No total, foram três horas de sessão. No fim, depois de ler as acusações de assassinato, tortura e remoção forçada de população - relativas ao massacre de 143 xiitas na vila de Dujail, em 1982 -, o juiz Rizgar Muhammad Amin anunciou a suspensão do julgamento até 28 de novembro. Segundo o juiz, o principal motivo para o adiamento foi o fato de que dezenas de testemunhas no massacre de Dujail não terem comparecido para dar seu depoimento porque estão muito assustadas. Muitos delas são parentes das vítimas massacradas pelo regime de Saddam.

Mesmo sem transmissão ao vivo, os iraquianos se reuniram diante de TVs, em casa ou em lojas. As emissoras do Iraque e de outros países árabes exibiram cenas do tribunal com um atraso de 20 a 30 minutos, para que funcionários pudessem censurar imagens ou depoimentos considerados "muito sensíveis".
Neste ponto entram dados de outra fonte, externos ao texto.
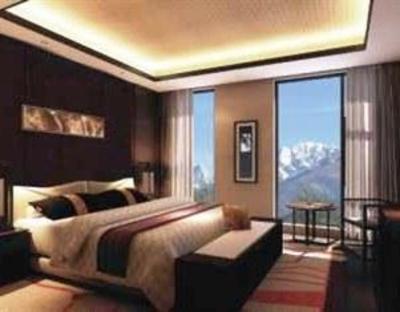 фото отеля Lijiang Platinum Hotel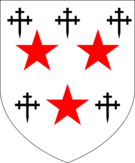 Somerville College, Oxford arms.svg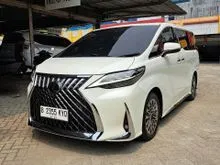 2023 Lexus LM 350 3.5 7 Seater MPV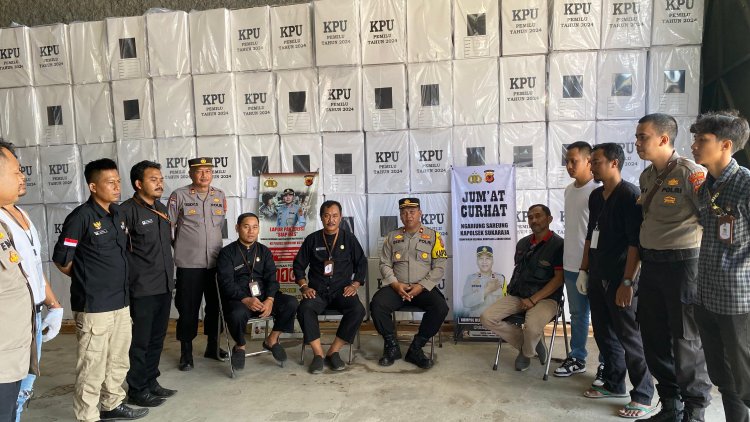 Tampung Aspirasi Warga, Kapolsek Rutin Laksanakan Giat Ngariung Sareng Kapolsek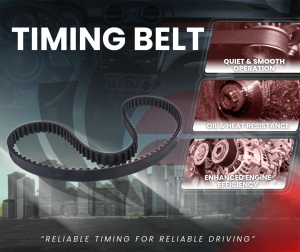 MAZDA B2500 MOHASHI TIMING BELT (1PC)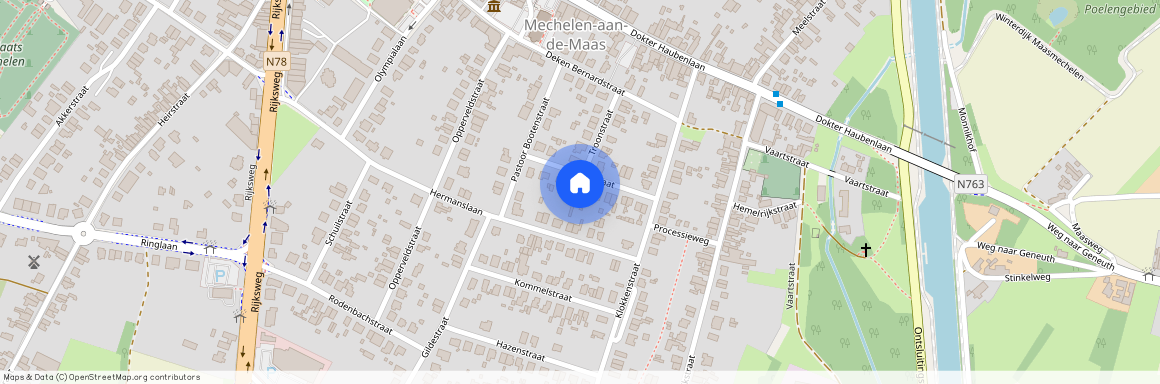 Ridderstraat 16, 3630, Maasmechelen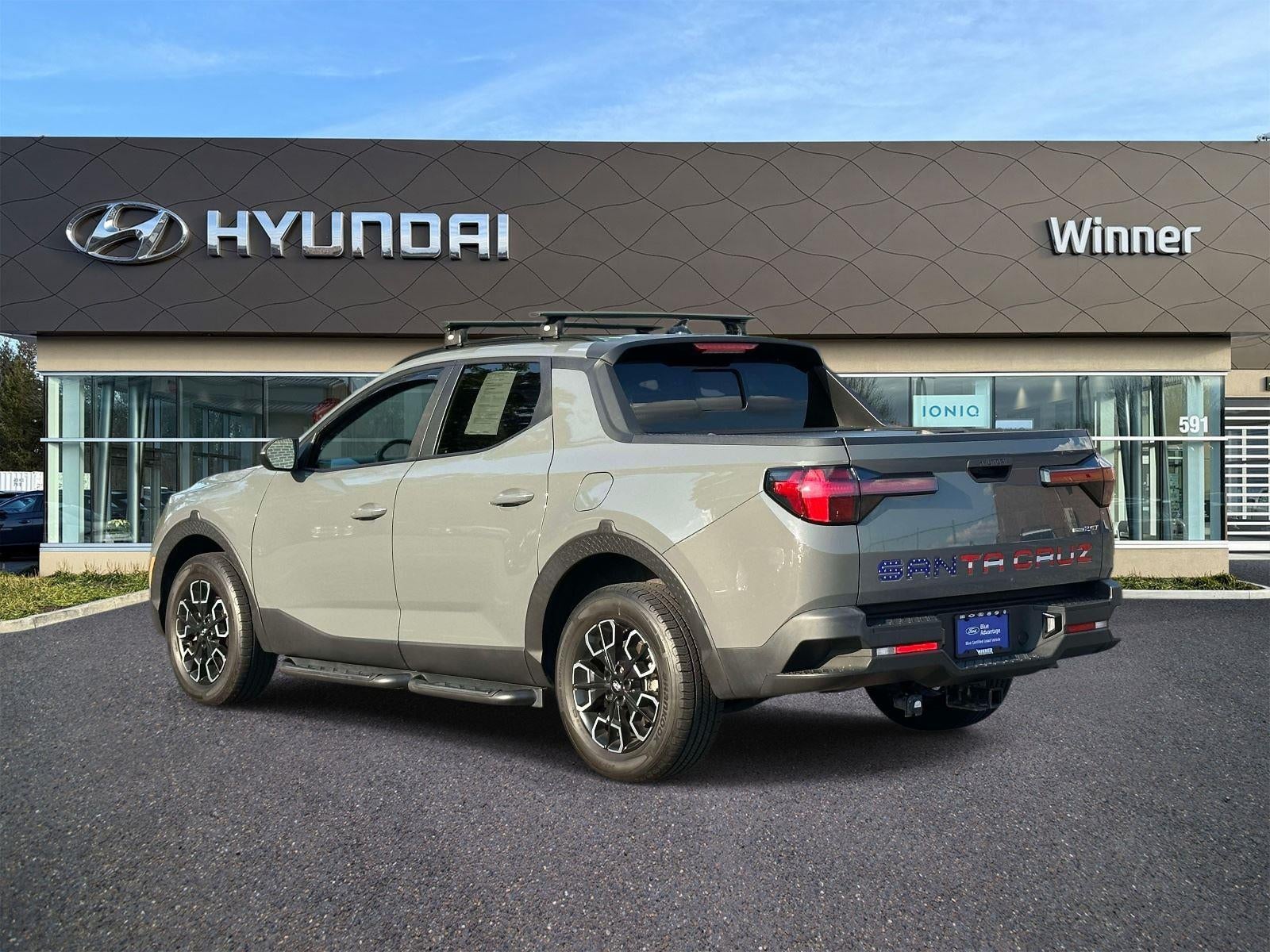 2023 Hyundai Santa Cruz SEL Premium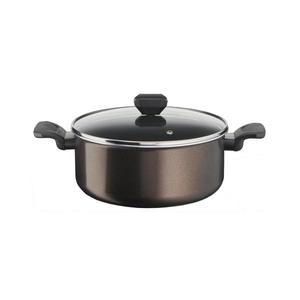 Oală cu capac Tefal EASY COOK&CLEAN 24 cm imagine
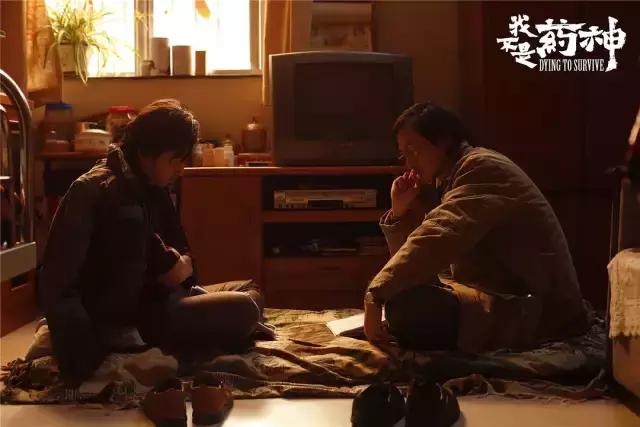 徐峥《我不是药神》评价,评分9.0以上的电影我不是药神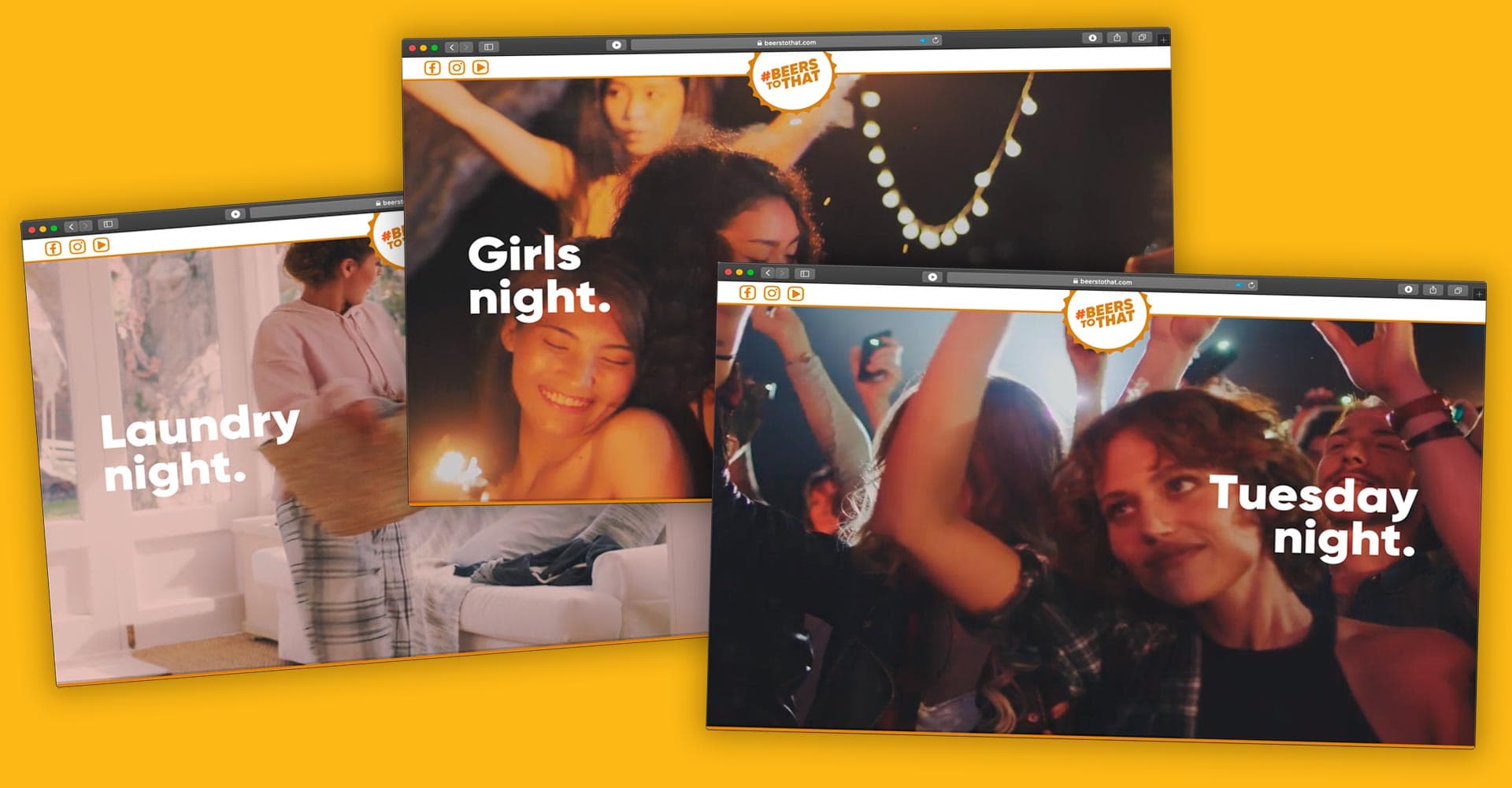 Beer Groups Launch New Push to Win over Liquor & Wine Drinkers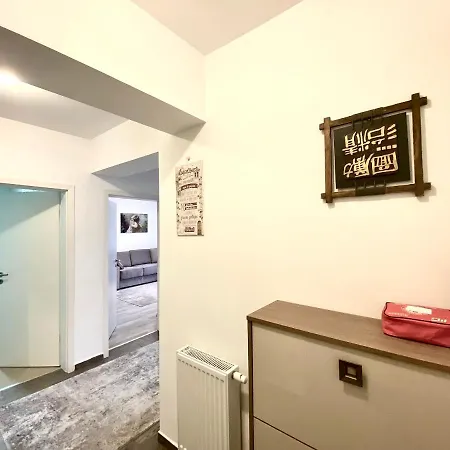 Daria's Apartment Brasov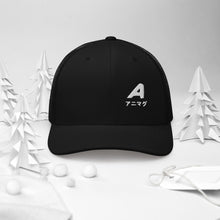 Load image into Gallery viewer, Animag Japanese stealth hat with logo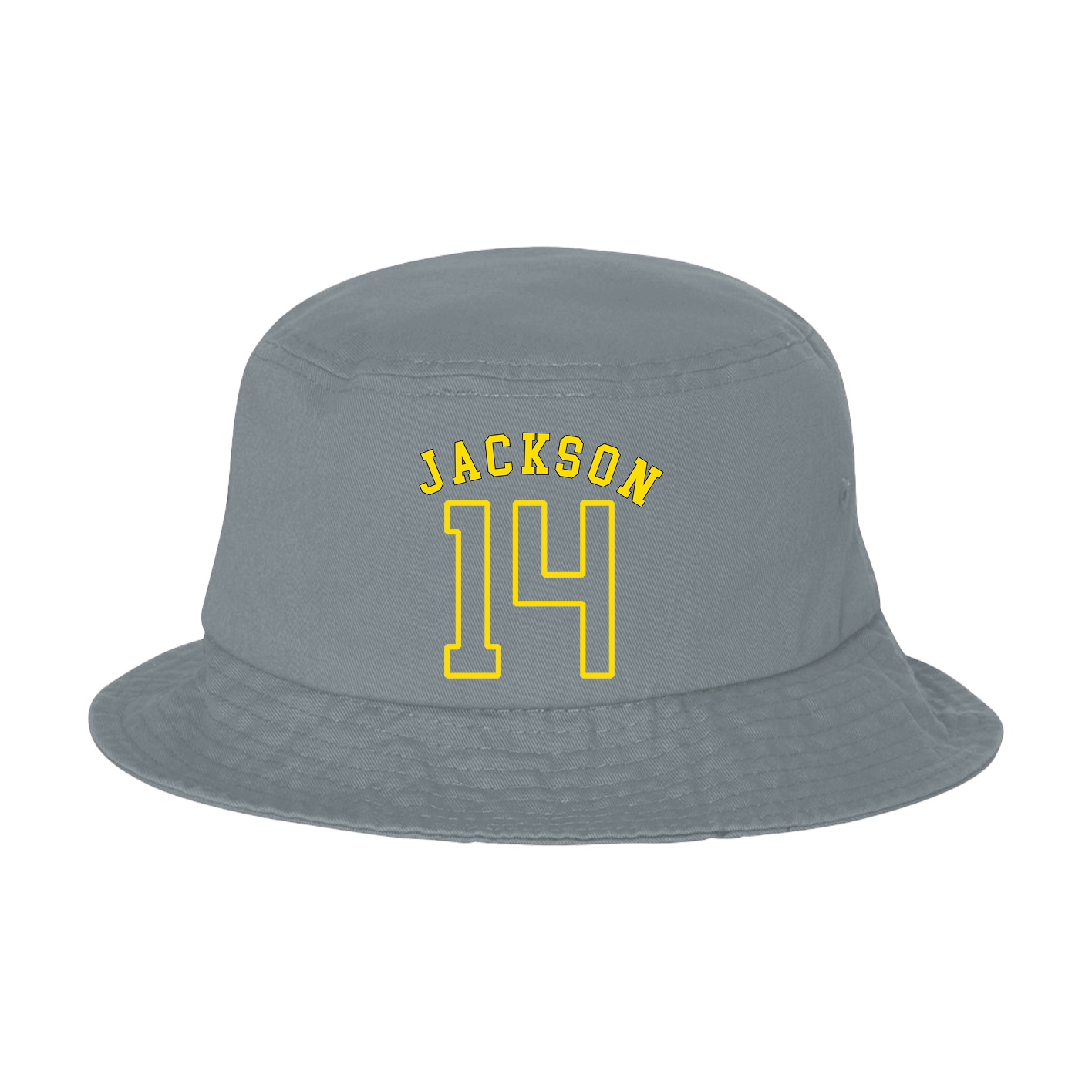 Bucket Cap — Shirsey Arch in Grey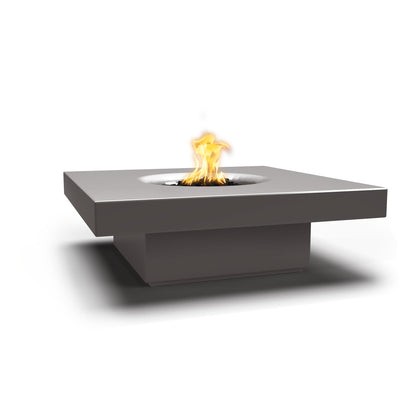 Balboa Fire Table - GFRC Concrete - 48" | The Outdoor Plus image 2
Os juízes eram cinco, mas somente Amin, membro da minoria curda, que foi perseguida durante o governo de Saddam, interrogou os réus e teve sua imagem exibida pela TV.

Saddam e seus principais assessores ainda serão levados a julgamento, em datas não definidas, por outros massacres. Os promotores públicos estão para concluir as investigações sobre dois casos de mais ampla dimensão do que a matança de Dujail: a campanha repressiva contra os curdos no fim dos anos 80 e a supressão de uma revolta xiita durante a Guerra do Golfo (1991), quando dezenas de milhares de pessoas foram mortas. No total, Saddam poderá ser acusado pela matança de mais de 300 mil pessoas, na grande maioria xiitas e curdos, os grupos que hoje estão no poder no Iraque.

Apesar de membros do Baath na clandestinidade terem na terça-feira feito um chamado para uma onda de ataques ontem, no início do julgamento, o dia foi relativamente calmo para os padrões recentes no Iraque.

Cerca de 20 pessoas morreram em vários atentados no país.

No Iraque e países árabes vizinhos, a reação popular variou do prazer ao ver Saddam no banco de réus à indignação por ele estar sendo julgado por uma corte criada sob ocupação dos EUA.